Si je puis vous donner un remède, il vous faut un règlement. C’est ce dont vous avez besoin avant toute chose. Cela donne beaucoup de positif Quand vous vous apercevez d’une première chute, ne pas vous plaindre, ne pas même vous étonner -c’est là qu’est l’orgueil,- mais trouver la chose toute naturelle, remercier Dieu de ce que cela ne vous arrive pas plus souvent, lui demander pardon d’abuser de sa grâce, la lui demander plus forte et avoir bon courage.

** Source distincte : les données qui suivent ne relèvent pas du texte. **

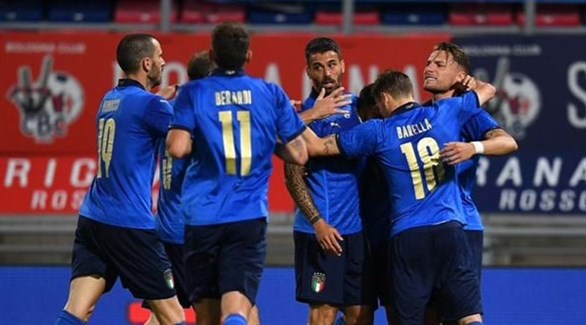 إيطاليا تسحق التشيك برباعية استعدادا لبطولة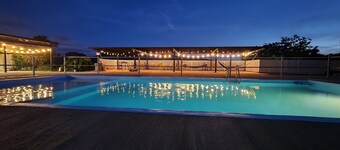 Entire 6 Bedroom Retreat With Pool - 16 Guests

S’il est vrai que nos coeurs se ressemblent, le remède est bon pour vous, car je m’en suis toujours bien trouvé, et, s’il y a quelque différence dans nos défauts, je me trompe peut-être, mais de la manière dont je connais votre âme et la mienne, je le croirais encore meilleur pour vous que pour moi.

Vous ne sauriez croire le plaisir que m’ont fait vos conseils sur l’étude des hommes. Continuez-les, je vous prie; ils me feront du bien. Quand vous n’aurez pas grand’chose à me dire et que pourtant l’envie de me dire quelques mots vous prendra, donnez votre billet à de Jouenne, qui m’écrit assez souvent, ou à tout autre de nos amis. Ce sera comme une double visite.

Adieu, mon cher Gouraud. Tenez votre promesse; je vous en saurai très bon gré.

Emmanuel.

Etourdi que je suis, j’oubliais de vous souhaiter une bonne fête. C’est le 15, la Saint-Henry. Bonne fête, mon cher ami. Il est triste que la première fois que je puis faire des voeux pour vous à cette époque, je sois réduit à vous les envoyer par la poste.